Инна Бачинская - Голос ангельских труб
Инга стояла, растерянно озираясь. Шибаев раздернул занавес, поднял кверху раму. Пустая улица лежала за окном. Занавес шевельнулся от сквозняка, надулся парусом и осел плавно.
Шибаев повернулся к Инге. Она затравленно взглянула на него. От их вспышки в парке ничего не осталось. Он подошел к ней, обнял. Инга осталась безучастной.
– Отвезти тебя домой? – Он не придумал ничего лучшего. Инга казалась ему чужой, и он не понимал почему. Он испытывал смешанное чувство: желание и недоумение.
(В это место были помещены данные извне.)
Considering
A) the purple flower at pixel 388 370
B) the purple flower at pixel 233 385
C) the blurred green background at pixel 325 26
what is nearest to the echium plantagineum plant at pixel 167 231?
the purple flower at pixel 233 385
Ему хотелось встряхнуть ее хорошенько, быть может, причинить боль. В женщине, стоявшей рядом, ничего не оставалось от той жизнерадостной Инги, которую он знал. Даже от той, что удирала от него по улице час назад.
– Что с тобой? – спросил он. – Что? Тебе не нравится комната? – На взгляд Шибаева номер был ничего, они же сюда не жить пришли, какая разница?
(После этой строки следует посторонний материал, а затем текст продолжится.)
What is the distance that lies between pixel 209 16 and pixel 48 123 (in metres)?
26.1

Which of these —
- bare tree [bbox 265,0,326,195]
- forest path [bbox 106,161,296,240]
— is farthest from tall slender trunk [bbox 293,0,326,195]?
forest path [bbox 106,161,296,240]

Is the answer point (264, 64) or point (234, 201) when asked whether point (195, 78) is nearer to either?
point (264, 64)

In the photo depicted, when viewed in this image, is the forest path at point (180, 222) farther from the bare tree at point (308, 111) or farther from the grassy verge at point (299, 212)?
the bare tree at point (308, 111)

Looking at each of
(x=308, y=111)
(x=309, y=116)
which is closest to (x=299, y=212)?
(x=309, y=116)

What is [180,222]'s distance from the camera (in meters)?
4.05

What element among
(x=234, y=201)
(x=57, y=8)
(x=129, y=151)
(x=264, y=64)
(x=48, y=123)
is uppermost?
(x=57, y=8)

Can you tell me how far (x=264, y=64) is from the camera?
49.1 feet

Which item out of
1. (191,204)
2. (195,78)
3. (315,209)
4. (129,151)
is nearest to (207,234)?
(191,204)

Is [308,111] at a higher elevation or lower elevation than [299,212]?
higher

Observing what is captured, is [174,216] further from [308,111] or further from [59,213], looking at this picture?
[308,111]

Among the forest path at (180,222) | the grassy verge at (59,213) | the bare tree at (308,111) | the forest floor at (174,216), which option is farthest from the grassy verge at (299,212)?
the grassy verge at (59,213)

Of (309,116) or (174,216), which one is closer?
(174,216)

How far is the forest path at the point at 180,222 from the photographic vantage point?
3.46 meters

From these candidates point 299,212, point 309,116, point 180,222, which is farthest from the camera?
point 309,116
Она мотнула головой – нет! Подняла голову. Шибаев поразился – в ее глазах было отчаяние. Она заплакала.
– Инга, родная, девочка моя, что с тобой? – Он не знал, что делать.
– Я боюсь, – ответила она, всхлипывая.
– Чего ты боишься? – изумился он.
– Не знаю, – ответила она.
Он взял сумку из рук Инги, бросил в кресло. Осторожно снял плащ. Усадил ее на кровать. Опустился на колени, потянул вниз молнию сапог, снял один за другим. Приподнял длинную тяжелую юбку, прижался лицом к коленям Инги. Она обхватила ладонями голову Шибаева и сказала:
– Встаньте с колен, мой принц Ши-Бон. Я прощаю вас!
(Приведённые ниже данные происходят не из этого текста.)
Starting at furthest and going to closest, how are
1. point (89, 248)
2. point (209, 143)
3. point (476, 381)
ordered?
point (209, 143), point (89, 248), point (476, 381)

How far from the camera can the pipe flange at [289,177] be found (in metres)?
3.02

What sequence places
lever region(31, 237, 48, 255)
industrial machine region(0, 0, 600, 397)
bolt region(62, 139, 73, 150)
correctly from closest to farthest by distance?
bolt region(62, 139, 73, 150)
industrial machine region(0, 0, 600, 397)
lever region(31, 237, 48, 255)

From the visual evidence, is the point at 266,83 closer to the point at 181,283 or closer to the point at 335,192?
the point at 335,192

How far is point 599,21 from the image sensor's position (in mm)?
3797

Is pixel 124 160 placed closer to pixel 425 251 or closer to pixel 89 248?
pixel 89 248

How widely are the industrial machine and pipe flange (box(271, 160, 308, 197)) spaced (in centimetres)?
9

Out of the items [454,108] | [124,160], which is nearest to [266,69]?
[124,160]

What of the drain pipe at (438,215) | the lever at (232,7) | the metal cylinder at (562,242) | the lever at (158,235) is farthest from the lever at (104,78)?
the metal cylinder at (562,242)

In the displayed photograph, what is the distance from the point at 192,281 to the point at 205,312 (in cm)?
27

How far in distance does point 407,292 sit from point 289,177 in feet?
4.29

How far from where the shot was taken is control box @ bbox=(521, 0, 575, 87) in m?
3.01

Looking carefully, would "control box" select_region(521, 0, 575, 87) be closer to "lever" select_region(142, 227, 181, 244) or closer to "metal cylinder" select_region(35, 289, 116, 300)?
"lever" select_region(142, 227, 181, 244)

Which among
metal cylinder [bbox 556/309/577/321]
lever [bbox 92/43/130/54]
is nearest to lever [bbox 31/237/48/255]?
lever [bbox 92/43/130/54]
Она сказала это так… серьезно, без намека на шутку, и Александр, не терпевший фальши и театра, ответил вполне искренне:
– Спасибо. Я тебя тоже прощаю…
– Ши-Бон! – вскрикнула Инга. – Что это? – Она с ужасом смотрела на багровые побледневшие синяки на его теле.
– Упал, – ответил Шибаев. – Было темно.
– Как упал? Где?
– С лестницы в одном доме.
– Саша, тебя били? – Она провела ладонью по его груди.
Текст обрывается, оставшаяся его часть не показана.